*Requirement*
Where a picture appears, leave it out; copy everything else in the records exactly.

*Supplied material*

*-*-*

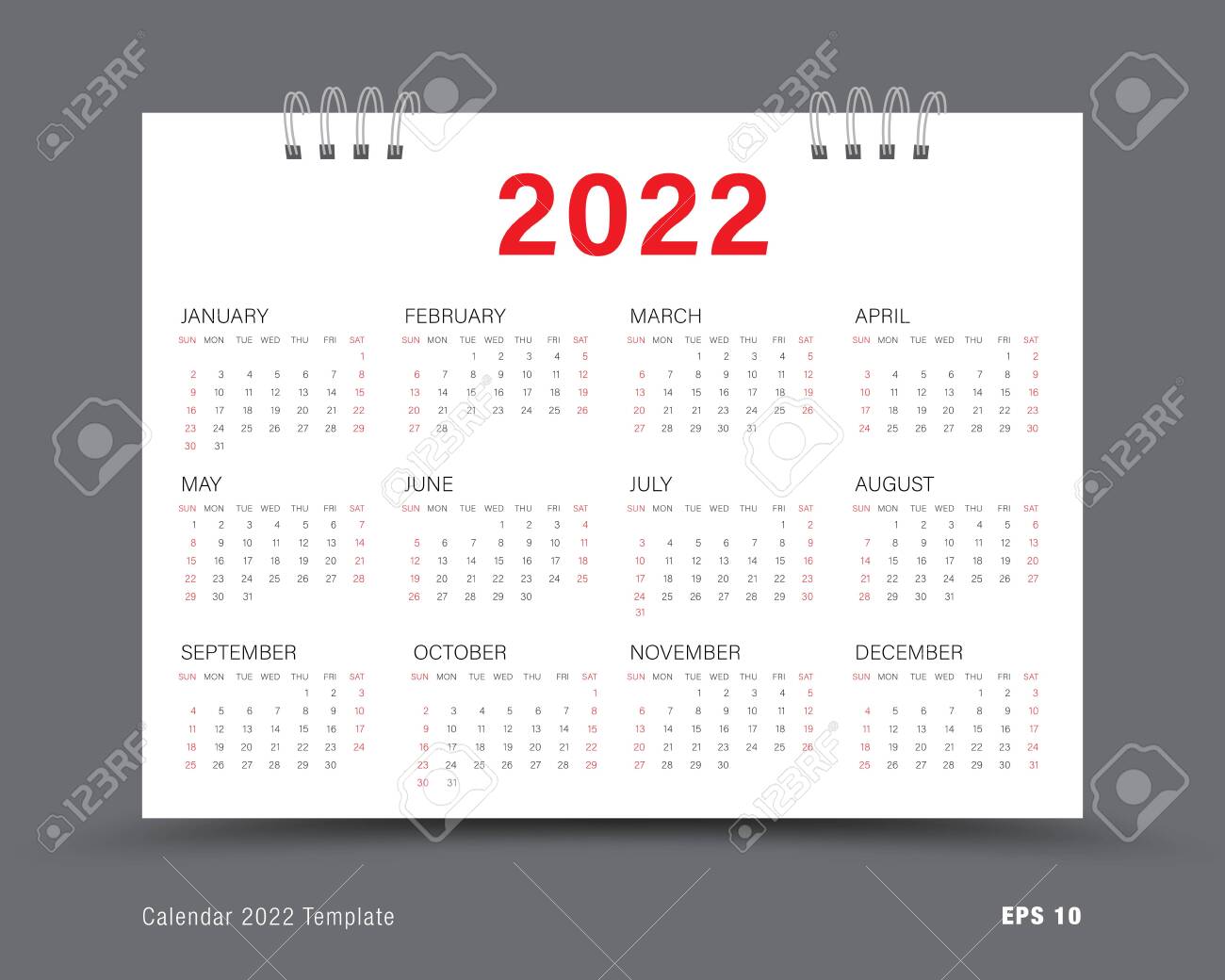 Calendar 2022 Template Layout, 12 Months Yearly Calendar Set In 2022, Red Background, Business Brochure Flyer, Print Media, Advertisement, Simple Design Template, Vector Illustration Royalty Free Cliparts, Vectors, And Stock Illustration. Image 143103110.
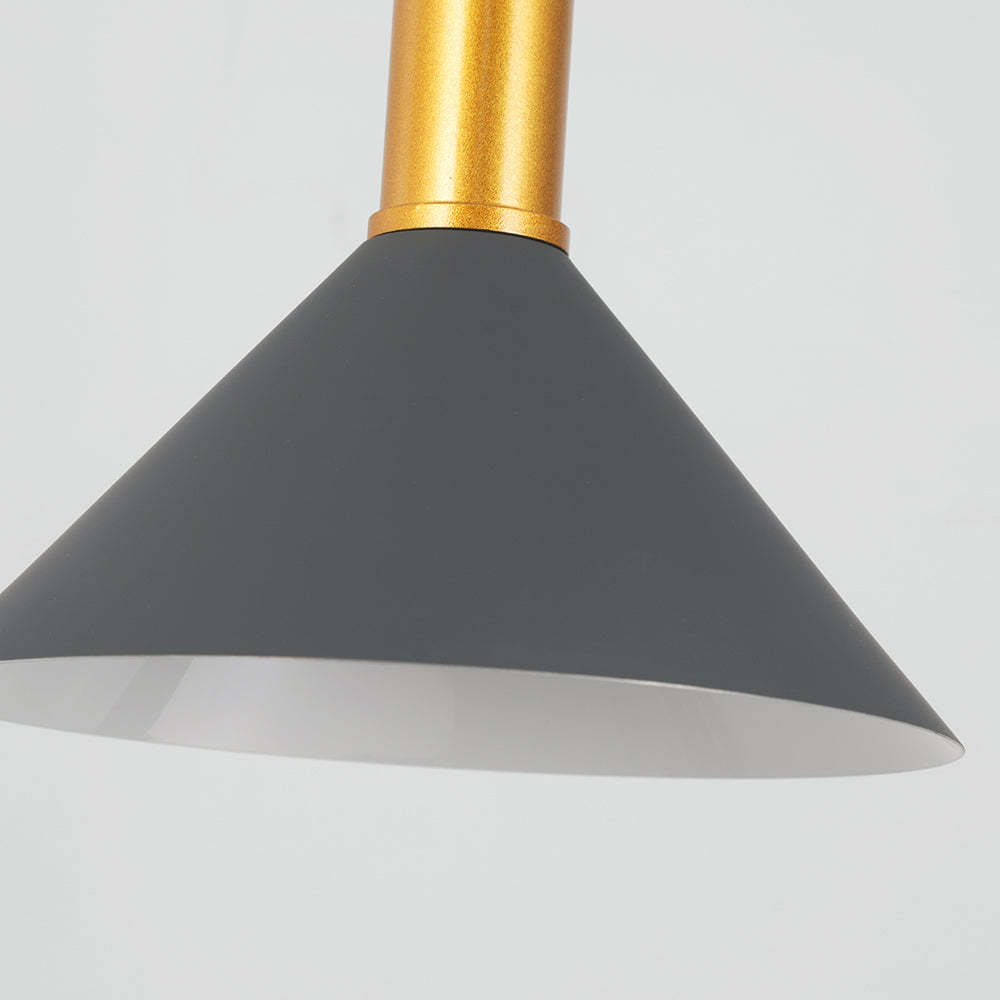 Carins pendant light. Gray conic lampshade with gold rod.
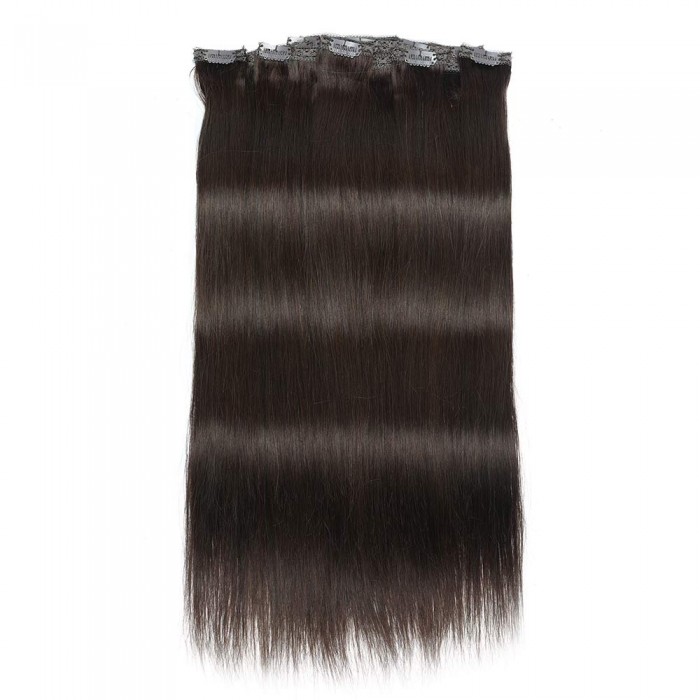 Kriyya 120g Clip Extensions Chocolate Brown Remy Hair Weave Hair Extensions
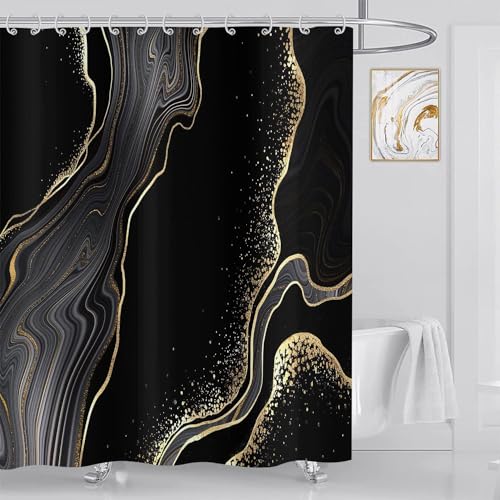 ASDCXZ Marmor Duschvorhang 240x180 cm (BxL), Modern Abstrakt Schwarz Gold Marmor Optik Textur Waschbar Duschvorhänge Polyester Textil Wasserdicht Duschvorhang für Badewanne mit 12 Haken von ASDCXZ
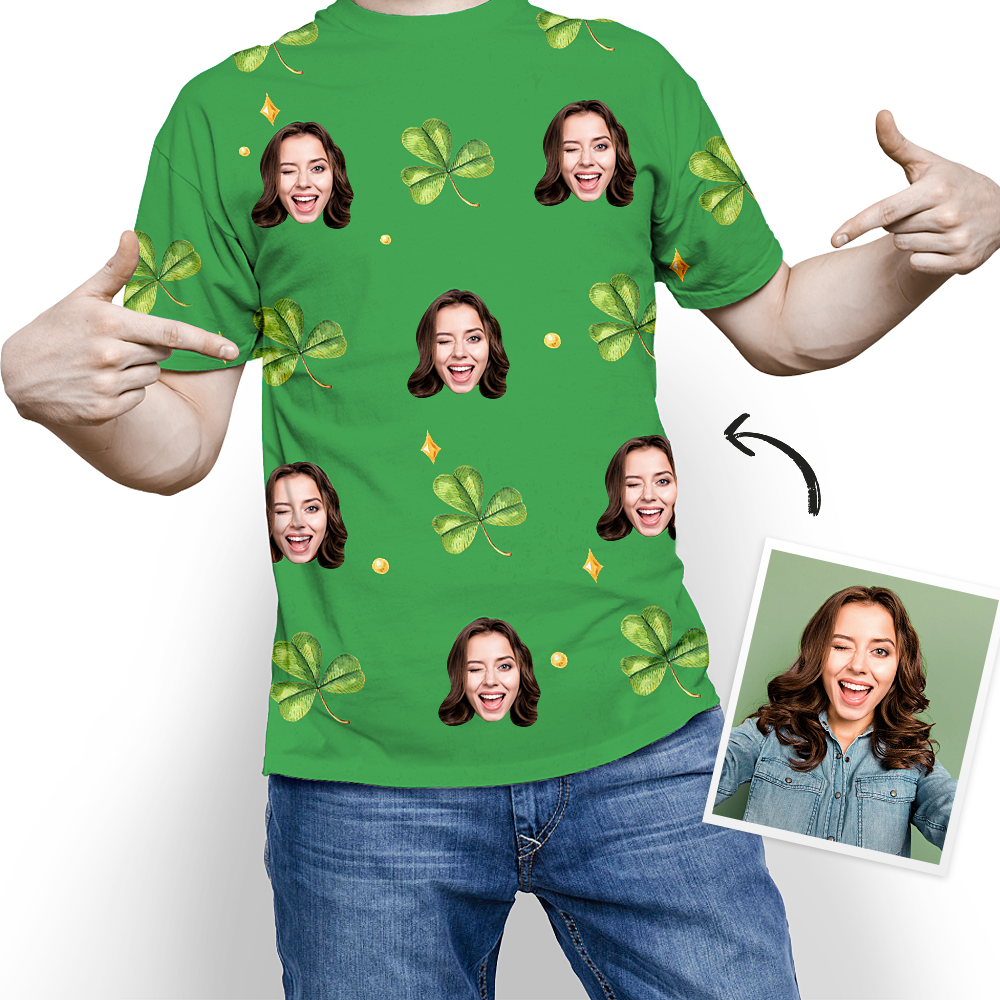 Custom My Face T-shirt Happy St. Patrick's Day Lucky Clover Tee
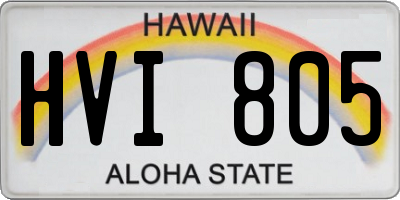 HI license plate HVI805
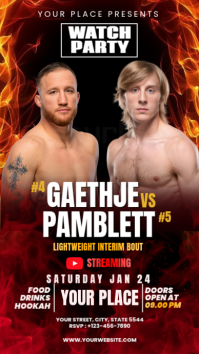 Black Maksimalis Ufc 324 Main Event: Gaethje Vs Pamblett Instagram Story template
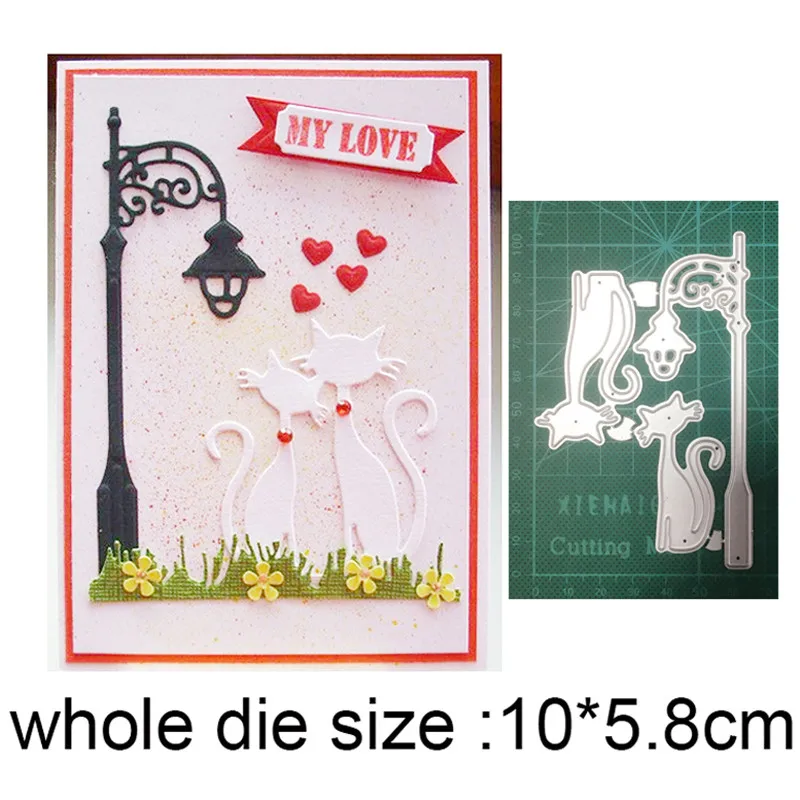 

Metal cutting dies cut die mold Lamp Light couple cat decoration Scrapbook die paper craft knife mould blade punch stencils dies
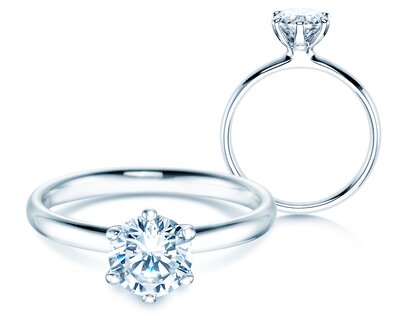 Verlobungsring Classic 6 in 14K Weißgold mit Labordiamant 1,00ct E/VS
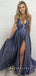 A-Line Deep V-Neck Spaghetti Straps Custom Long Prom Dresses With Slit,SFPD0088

*-*-*

*Answer area*
 Calendar 2022 Template Layout, 12 Months Yearly Calendar Set In 2022, Red Background, Business Brochure Flyer, Print Media, Advertisement, Simple Design Template, Vector Illustration Royalty Free Cliparts, Vectors, And Stock Illustration. Image 143103110.
 Carins pendant light. Gray conic lampshade with gold rod.
 Kriyya 120g Clip Extensions Chocolate Brown Remy Hair Weave Hair Extensions
 ASDCXZ Marmor Duschvorhang 240x180 cm (BxL), Modern Abstrakt Schwarz Gold Marmor Optik Textur Waschbar Duschvorhänge Polyester Textil Wasserdicht Duschvorhang für Badewanne mit 12 Haken von ASDCXZ
 Custom My Face T-shirt Happy St. Patrick's Day Lucky Clover Tee
 HI license plate HVI805
 Black Maksimalis Ufc 324 Main Event: Gaethje Vs Pamblett Instagram Story template

Metal cutting dies cut die mold Lamp Light couple cat decoration Scrapbook die paper craft knife mould blade punch stencils dies
 Verlobungsring Classic 6 in 14K Weißgold mit Labordiamant 1,00ct E/VS
 A-Line Deep V-Neck Spaghetti Straps Custom Long Prom Dresses With Slit,SFPD0088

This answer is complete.